§ Exercise requirements
Restate every line below word for word, but drop each picture.

§ Dataset extract

----------------------------------------

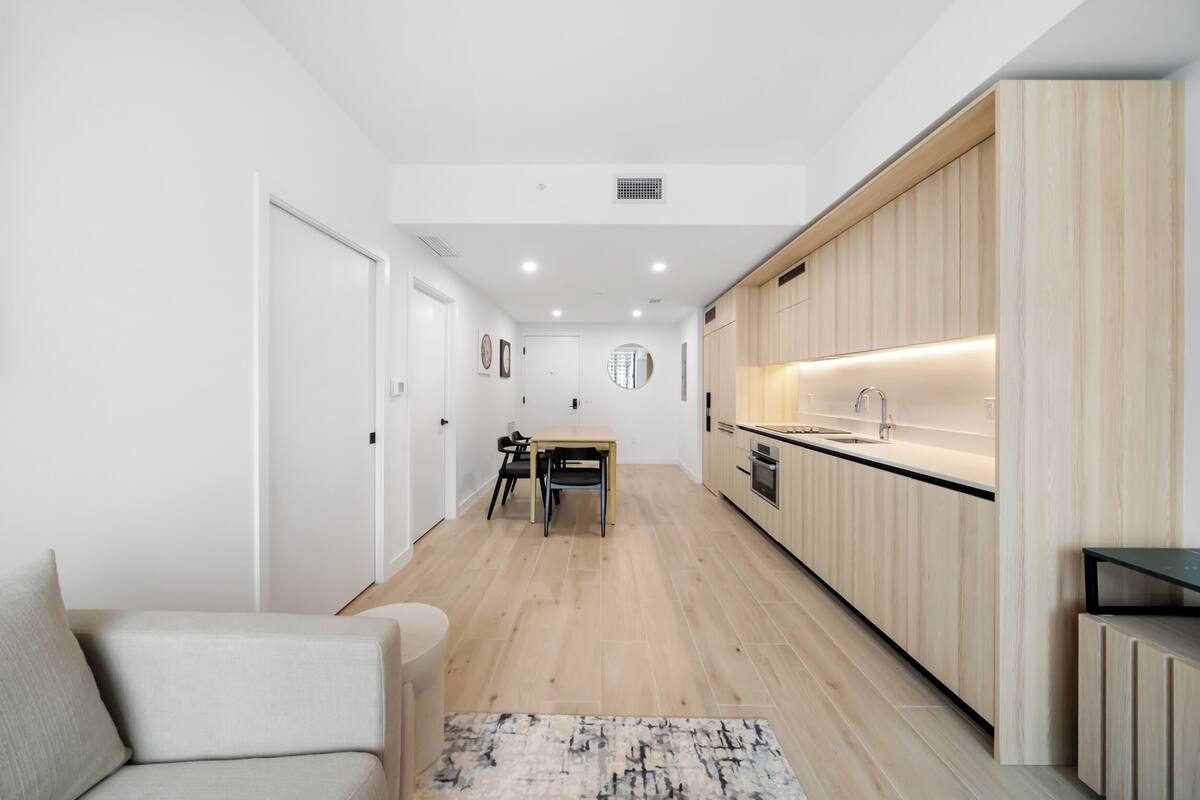 A modern kitchen with wooden cabinets, a dining area with a table and chairs, and a light-colored floor.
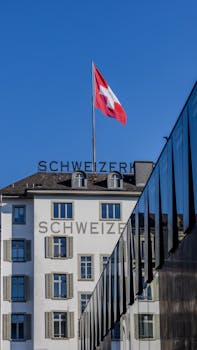 Modern and classic Swiss architecture under a clear sky in Lucerne, Switzerland.
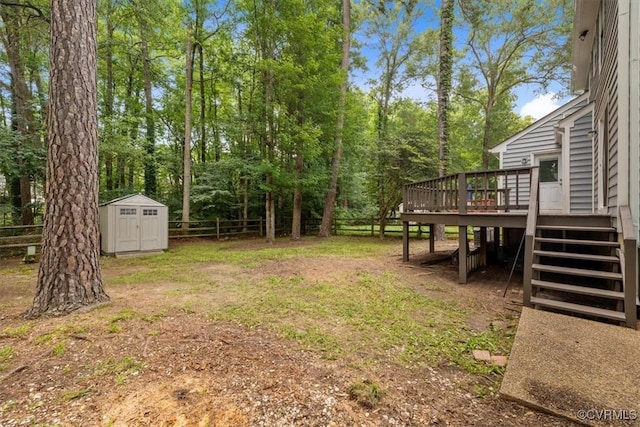 12628 Copperas Ln, Richmond, VA 23233 - fenced backyard with a deck, stairway, and a storage shed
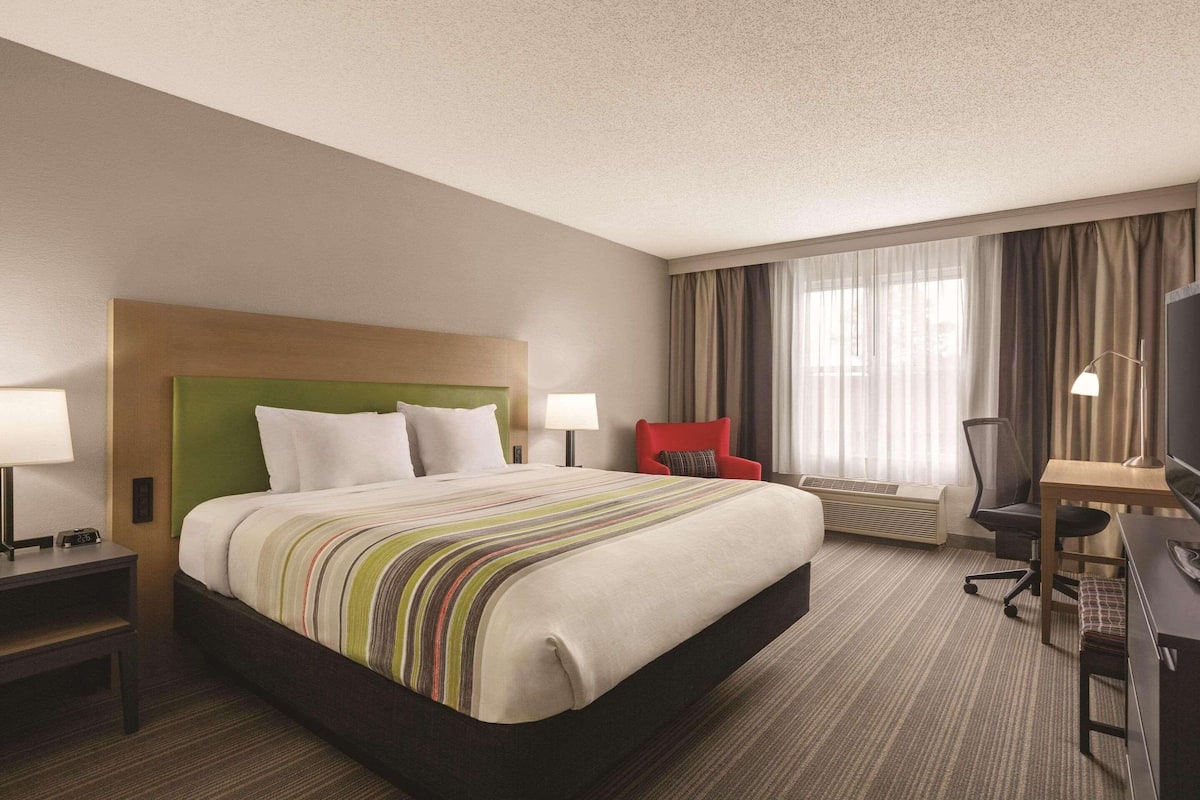 A hotel room with a large bed, a desk, a chair, and a TV.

----------------------------------------

§ Task answer
 A modern kitchen with wooden cabinets, a dining area with a table and chairs, and a light-colored floor.
 Modern and classic Swiss architecture under a clear sky in Lucerne, Switzerland.
 12628 Copperas Ln, Richmond, VA 23233 - fenced backyard with a deck, stairway, and a storage shed
 A hotel room with a large bed, a desk, a chair, and a TV.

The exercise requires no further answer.